WHAT IS NEEDED: Starting at the line below that contains "Papier Alligator Baby" and ending at the line that contains "Carhartt Big Girls", retype each line exactly as it stands, but omit the pictures.

Web page caption snippets:
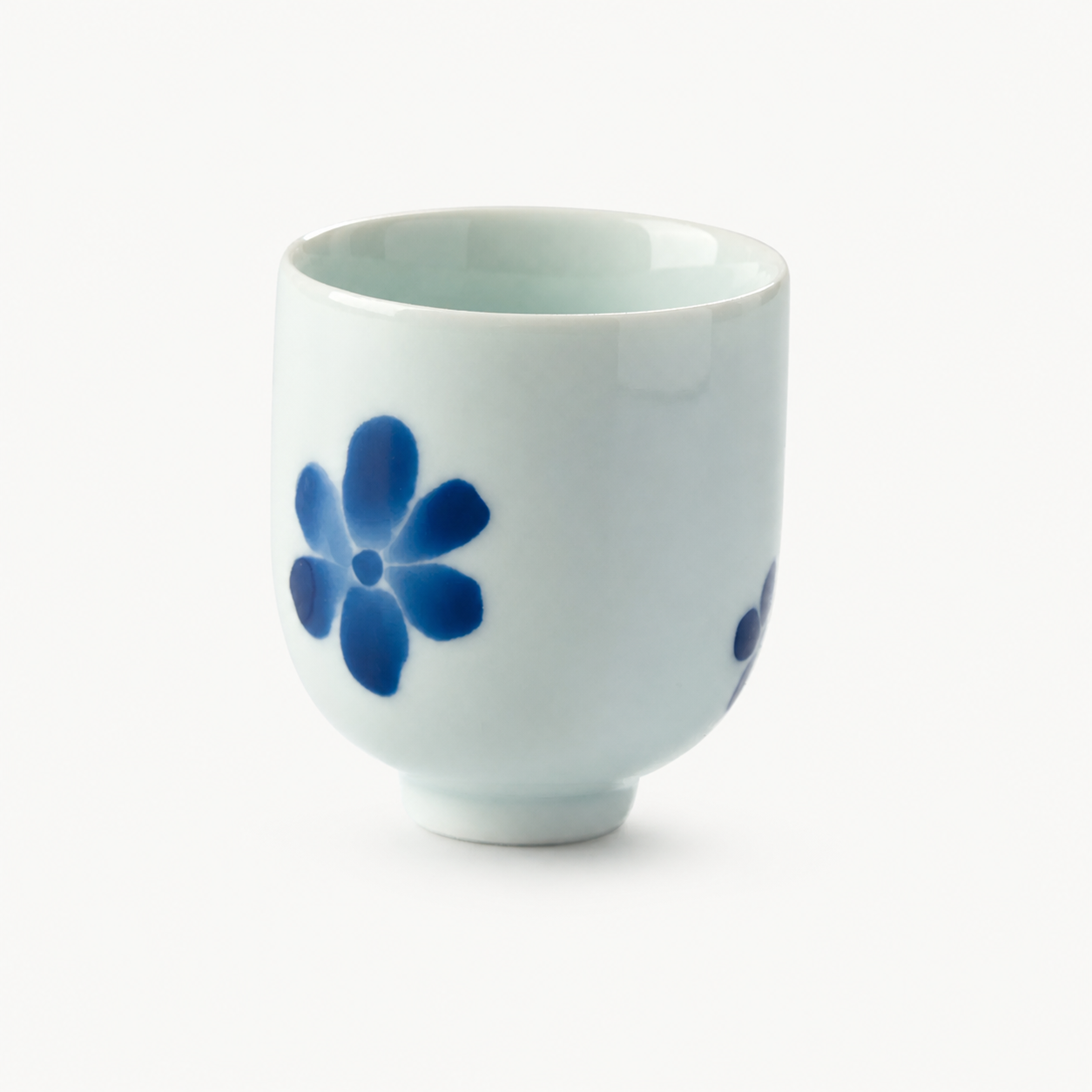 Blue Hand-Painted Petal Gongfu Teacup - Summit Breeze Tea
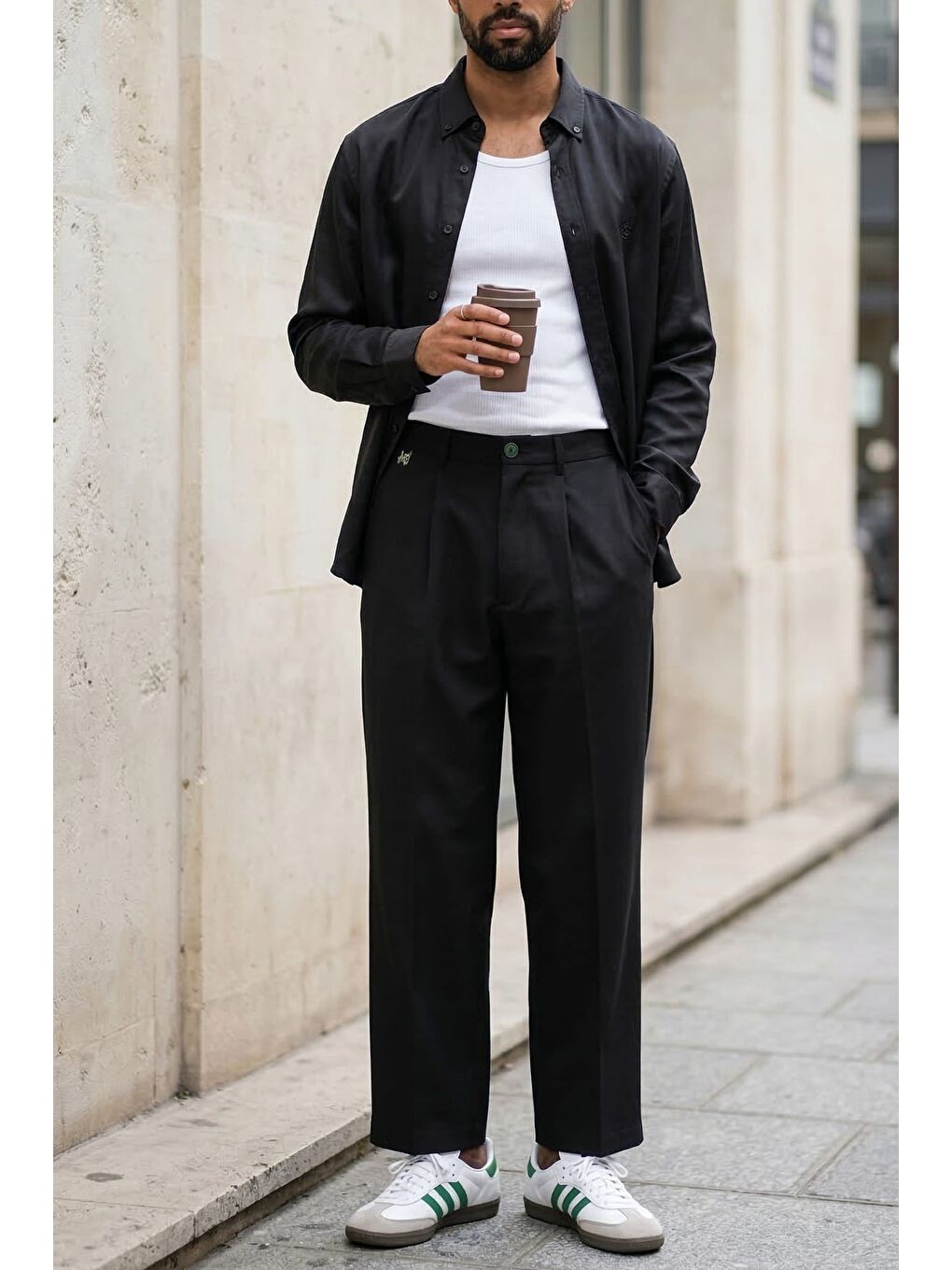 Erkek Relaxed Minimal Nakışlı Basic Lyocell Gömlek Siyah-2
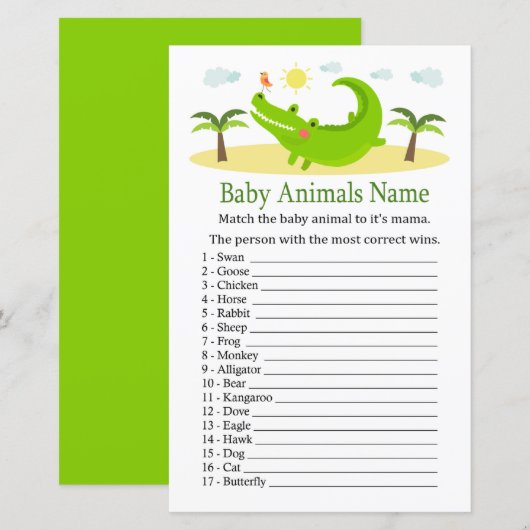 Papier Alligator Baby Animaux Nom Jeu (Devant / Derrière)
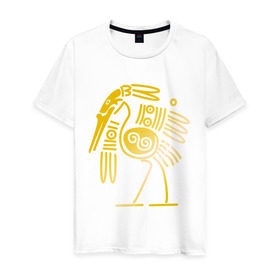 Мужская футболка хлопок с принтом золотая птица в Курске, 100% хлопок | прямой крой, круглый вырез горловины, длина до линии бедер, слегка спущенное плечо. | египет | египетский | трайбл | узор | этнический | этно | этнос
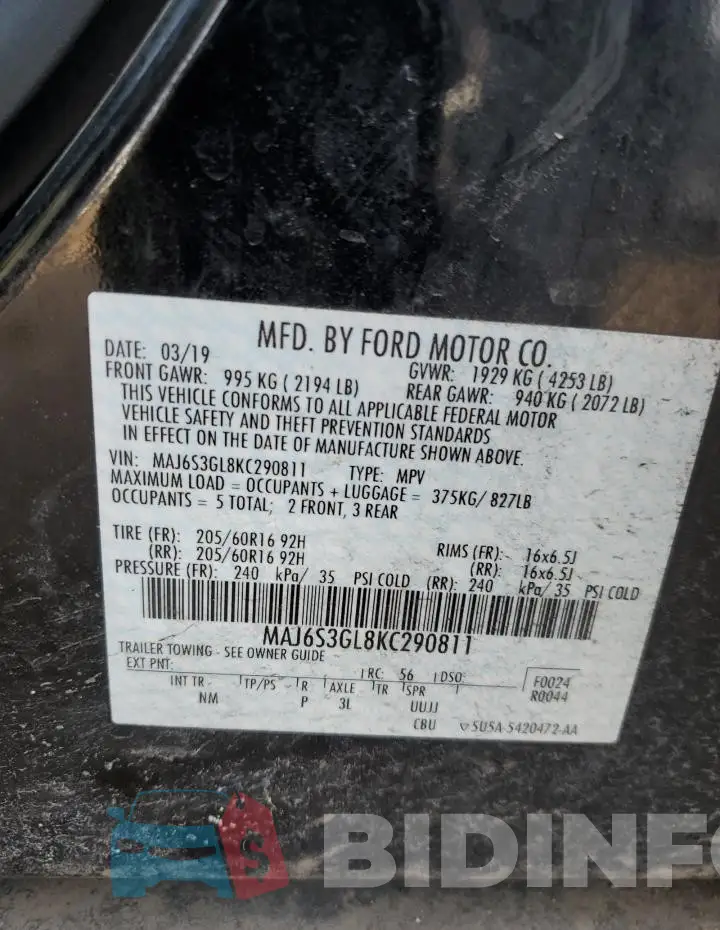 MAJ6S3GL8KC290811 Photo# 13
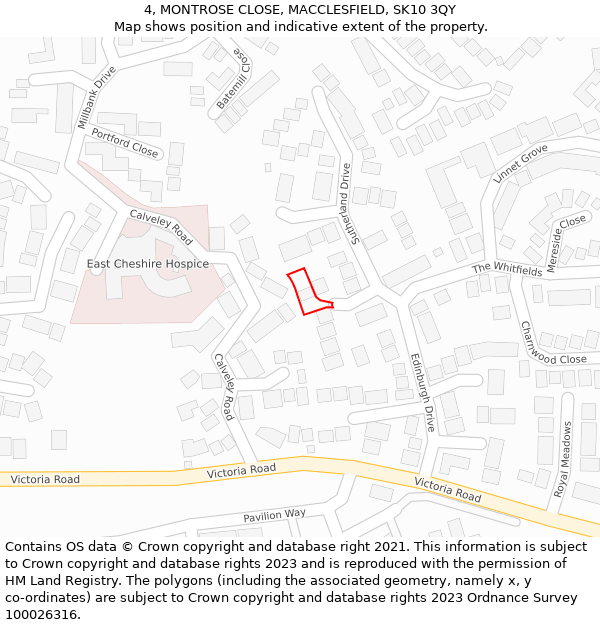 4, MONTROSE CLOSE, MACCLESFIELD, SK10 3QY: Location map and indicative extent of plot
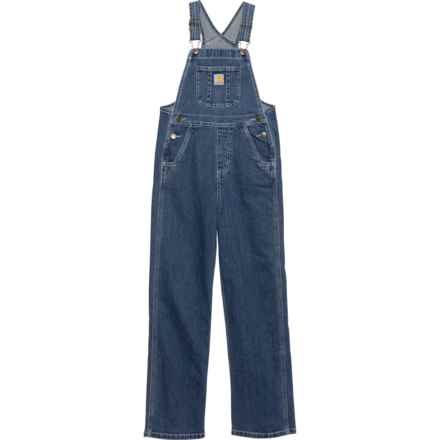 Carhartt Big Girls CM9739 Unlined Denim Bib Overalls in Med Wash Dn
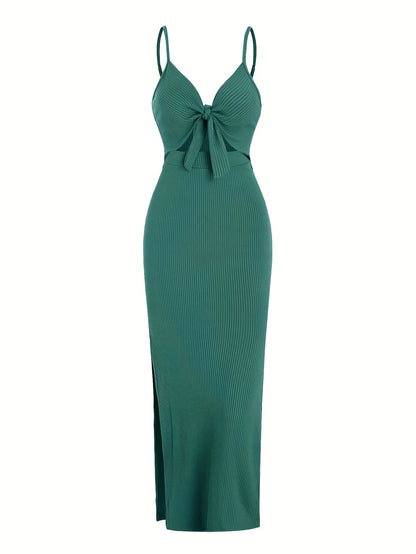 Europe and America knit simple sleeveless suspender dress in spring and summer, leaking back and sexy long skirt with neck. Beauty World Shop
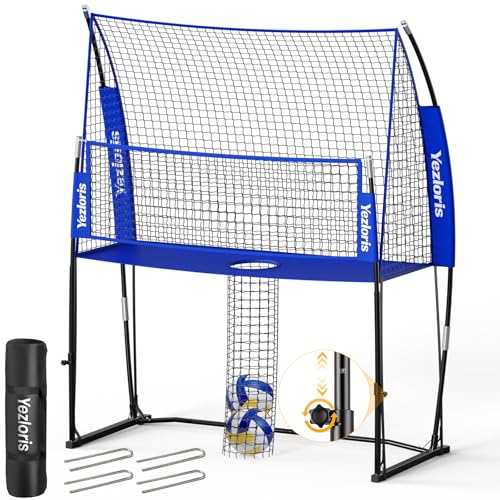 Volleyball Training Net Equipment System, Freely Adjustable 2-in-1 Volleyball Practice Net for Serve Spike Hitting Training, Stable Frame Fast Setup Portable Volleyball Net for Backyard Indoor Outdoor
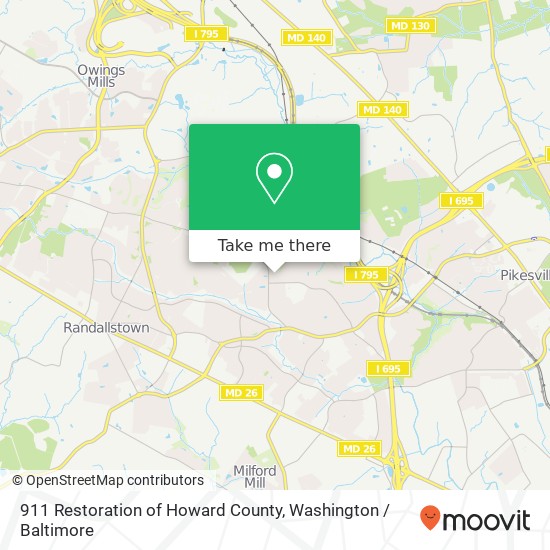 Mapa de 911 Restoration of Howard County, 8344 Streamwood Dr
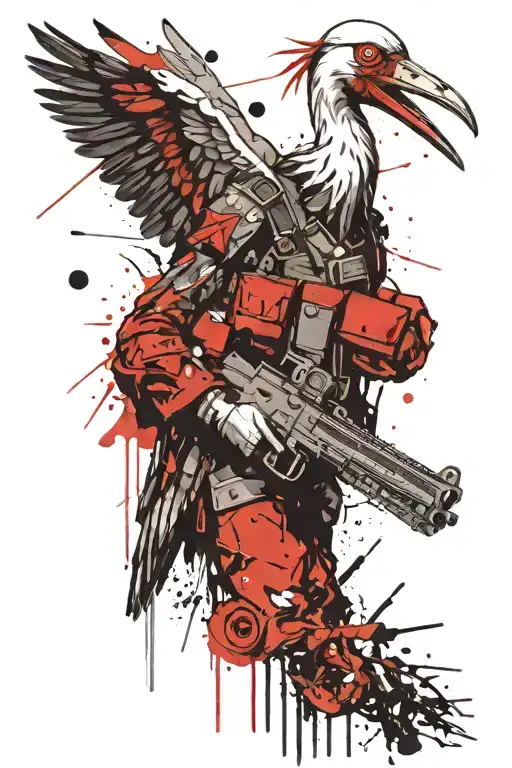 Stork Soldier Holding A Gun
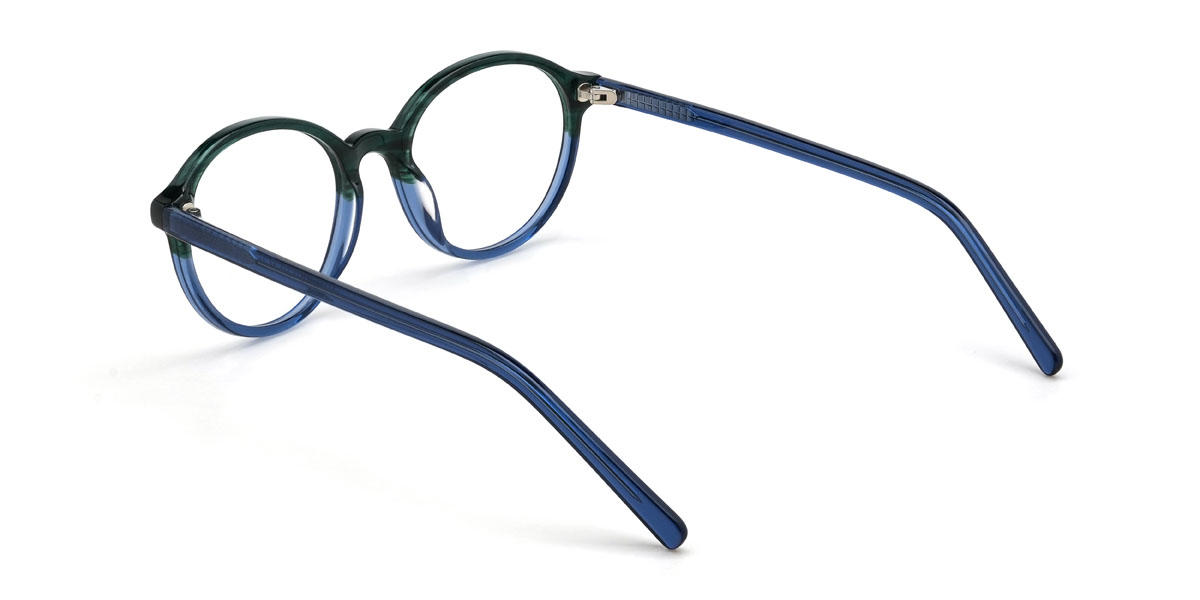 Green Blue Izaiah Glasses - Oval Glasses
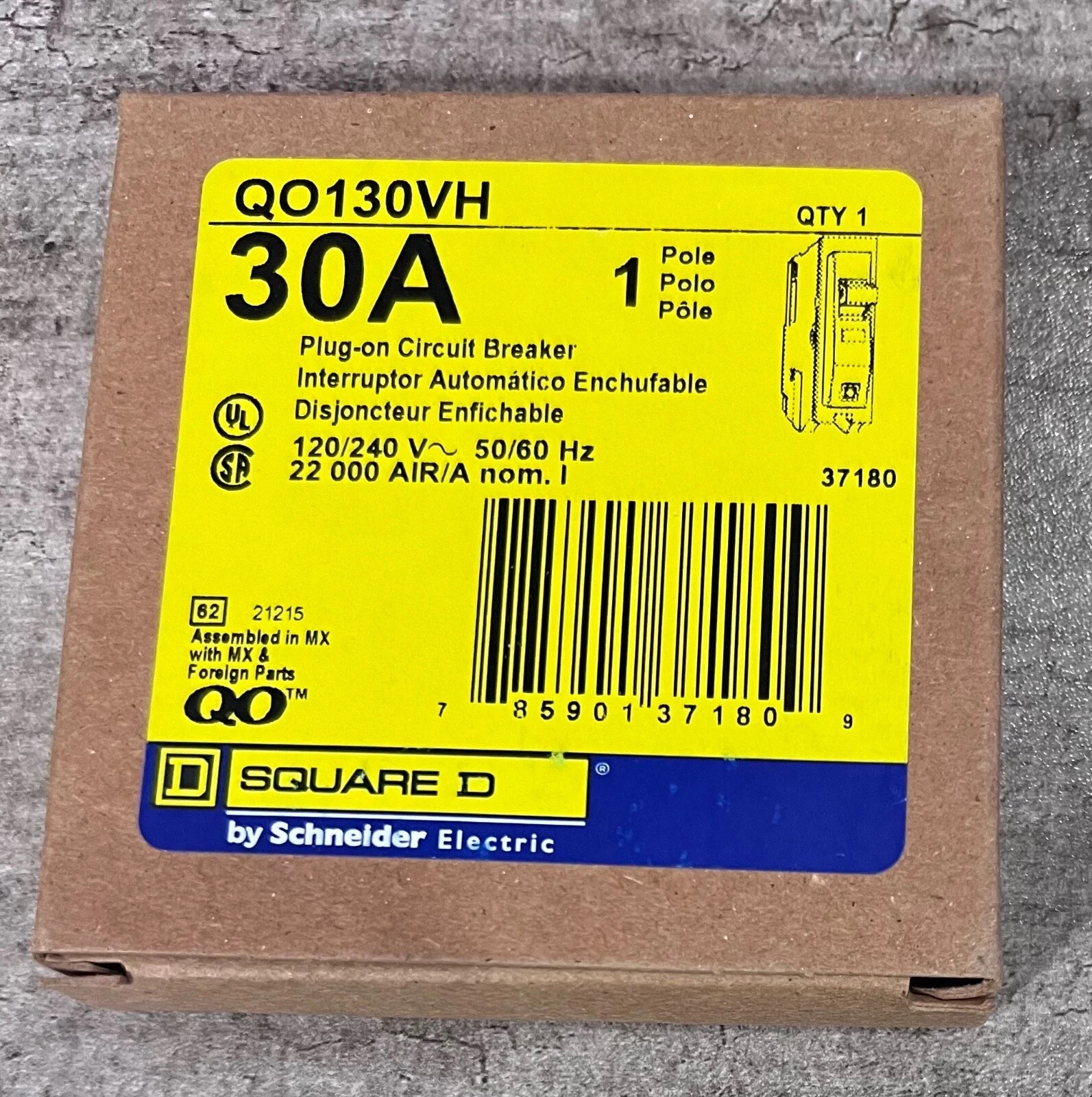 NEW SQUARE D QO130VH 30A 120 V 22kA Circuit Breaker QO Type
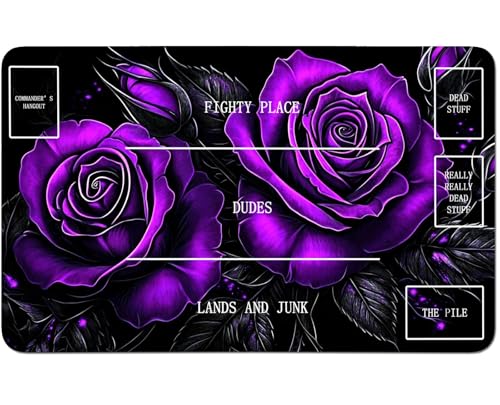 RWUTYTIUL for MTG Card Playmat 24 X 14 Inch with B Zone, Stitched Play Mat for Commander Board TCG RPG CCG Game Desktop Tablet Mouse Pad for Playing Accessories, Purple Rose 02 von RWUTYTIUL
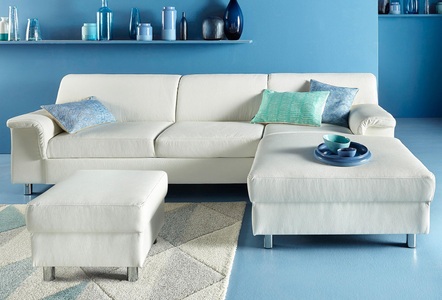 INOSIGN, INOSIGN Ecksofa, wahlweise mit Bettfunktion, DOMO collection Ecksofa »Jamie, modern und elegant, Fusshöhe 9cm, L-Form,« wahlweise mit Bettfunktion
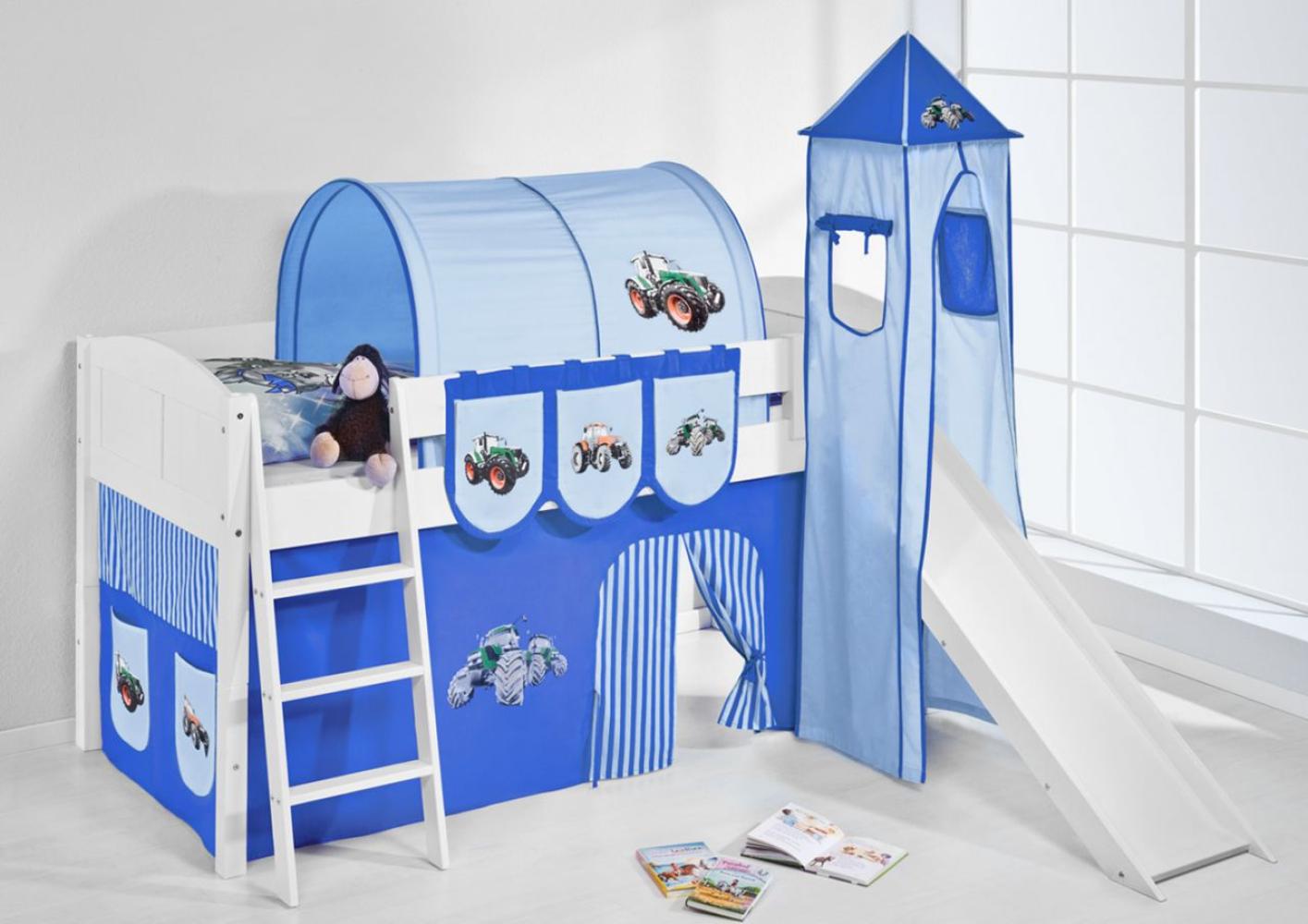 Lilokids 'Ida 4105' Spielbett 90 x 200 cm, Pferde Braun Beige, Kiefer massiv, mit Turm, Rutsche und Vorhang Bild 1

RESULT OF THIS EXERCISE:
 Papier Alligator Baby Animaux Nom Jeu (Devant / Derrière)
 Мужская футболка хлопок с принтом золотая птица в Курске, 100% хлопок | прямой крой, круглый вырез горловины, длина до линии бедер, слегка спущенное плечо. | египет | египетский | трайбл | узор | этнический | этно | этнос
 MAJ6S3GL8KC290811 Photo# 13
 4, MONTROSE CLOSE, MACCLESFIELD, SK10 3QY: Location map and indicative extent of plot
 Carhartt Big Girls CM9739 Unlined Denim Bib Overalls in Med Wash Dn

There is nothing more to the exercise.